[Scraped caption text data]
* * *
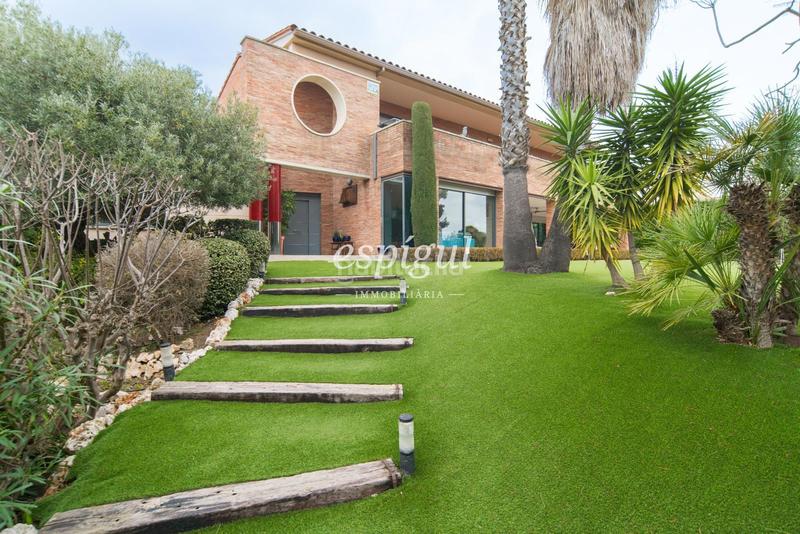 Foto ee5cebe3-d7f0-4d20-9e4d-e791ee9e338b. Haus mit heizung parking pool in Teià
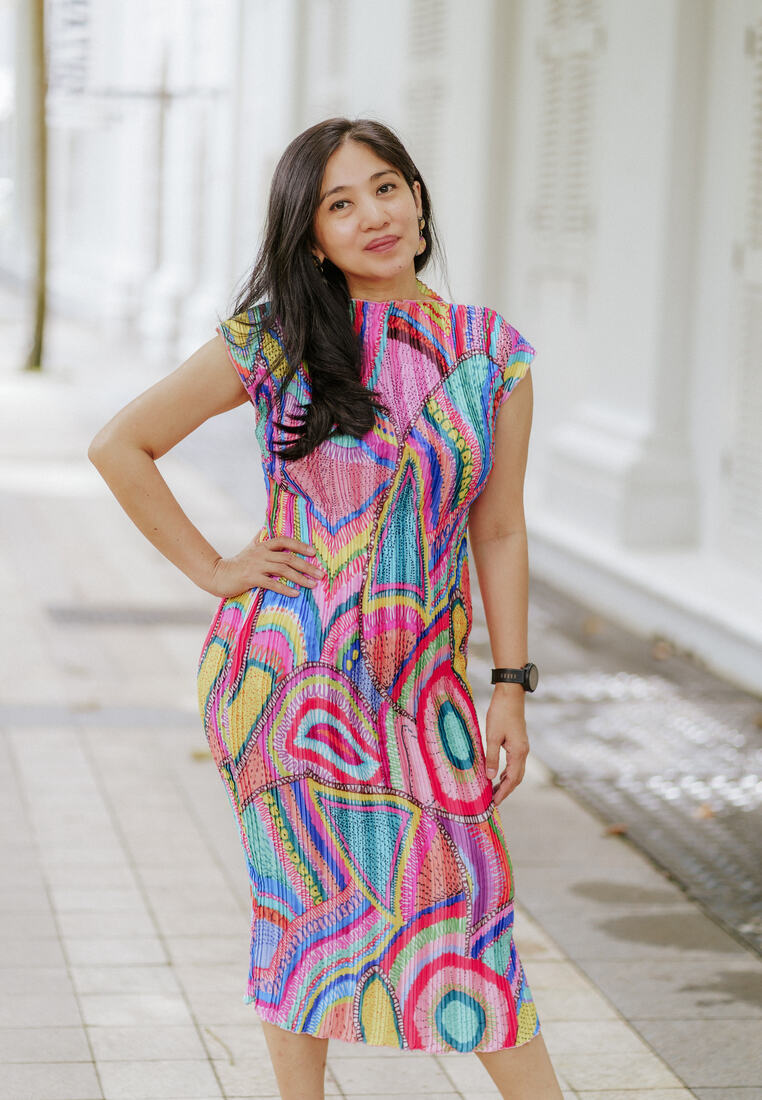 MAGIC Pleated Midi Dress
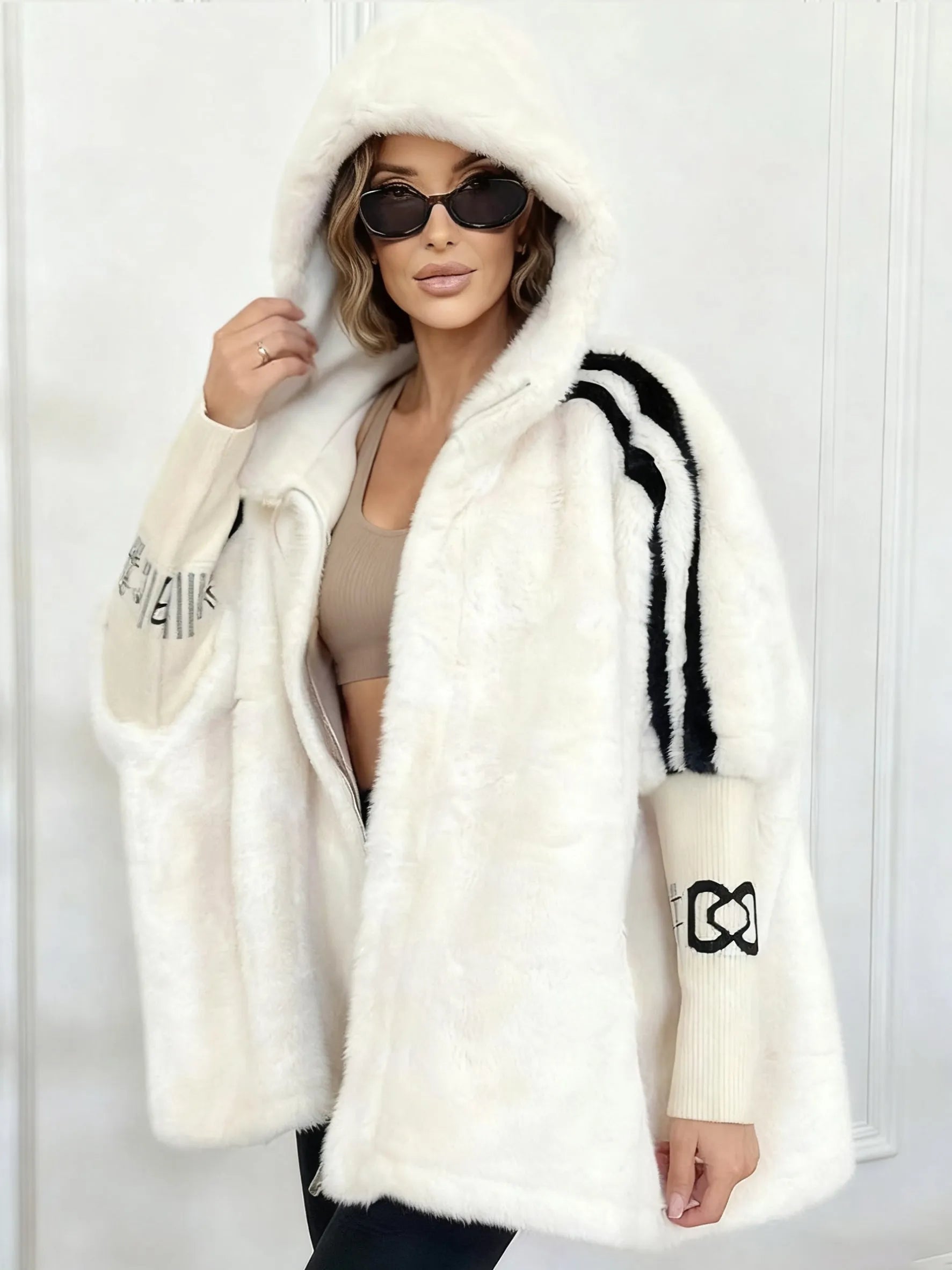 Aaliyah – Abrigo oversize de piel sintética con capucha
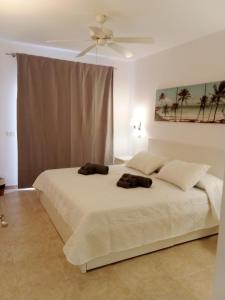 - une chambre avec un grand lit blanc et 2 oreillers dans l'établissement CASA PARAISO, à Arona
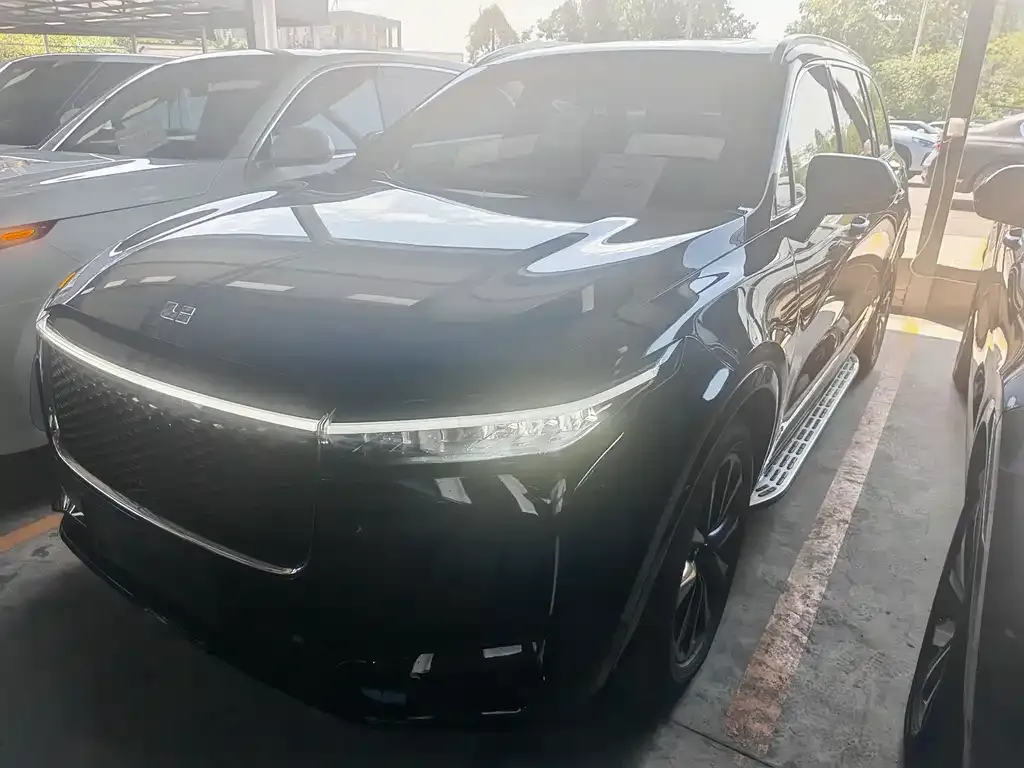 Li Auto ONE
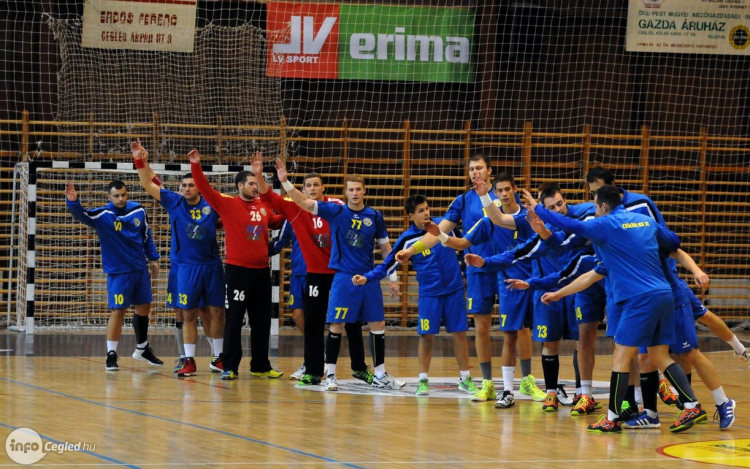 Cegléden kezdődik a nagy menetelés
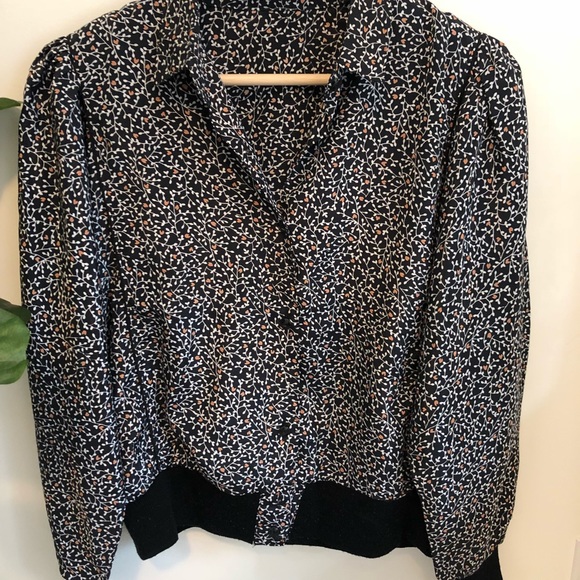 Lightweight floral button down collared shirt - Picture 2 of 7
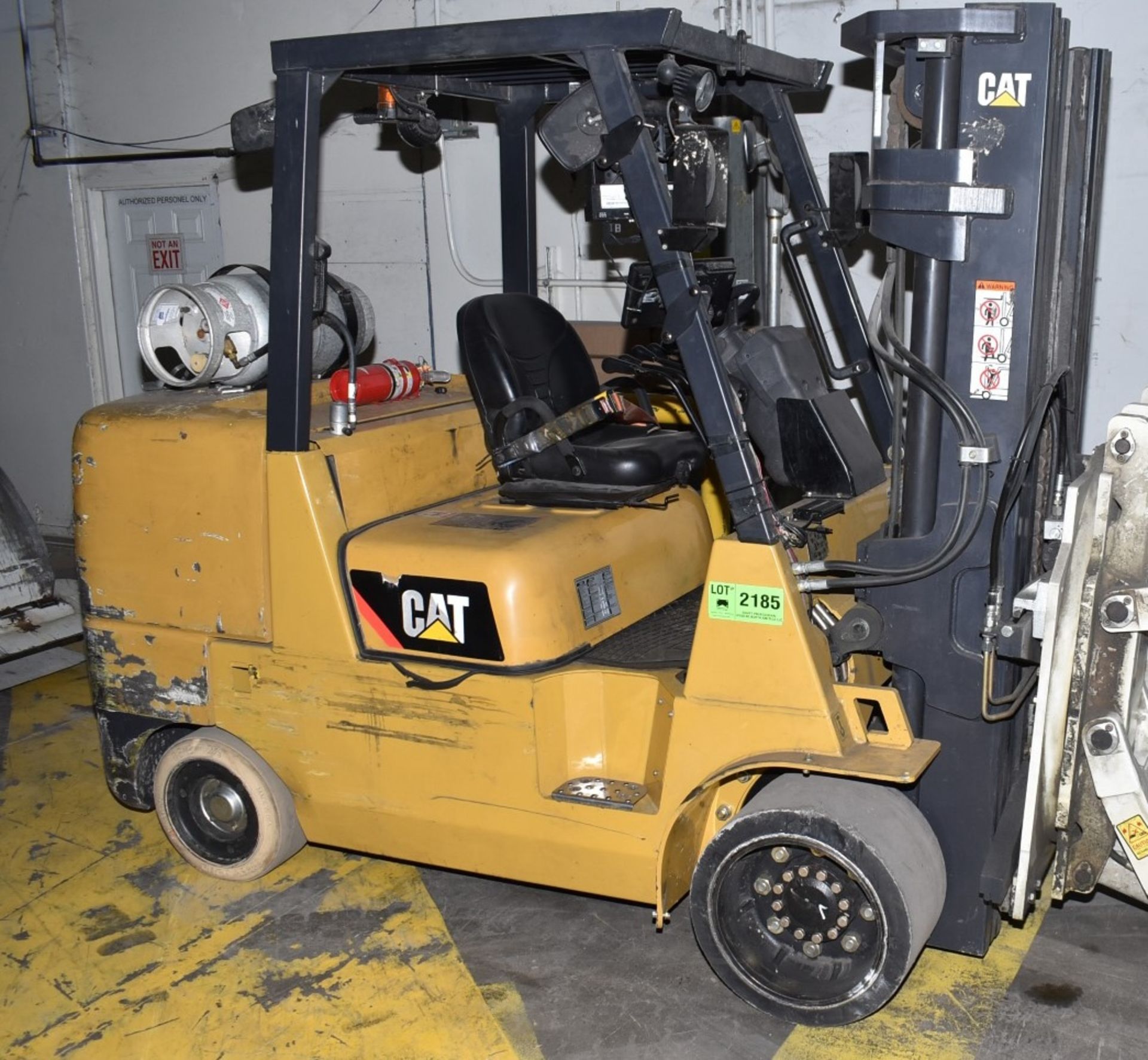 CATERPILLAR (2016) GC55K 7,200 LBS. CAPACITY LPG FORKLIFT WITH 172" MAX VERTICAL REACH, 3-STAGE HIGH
* * *
-- EXERCISE PROMPT --
I would like you to set down the lines above, from the one containing "Aaliyah – Abrigo" to the final line, exactly as written and without pictures.

-- EXERCISE SOLUTION --
 Aaliyah – Abrigo oversize de piel sintética con capucha
 - une chambre avec un grand lit blanc et 2 oreillers dans l'établissement CASA PARAISO, à Arona
 Li Auto ONE
 Cegléden kezdődik a nagy menetelés
 Lightweight floral button down collared shirt - Picture 2 of 7
 CATERPILLAR (2016) GC55K 7,200 LBS. CAPACITY LPG FORKLIFT WITH 172" MAX VERTICAL REACH, 3-STAGE HIGH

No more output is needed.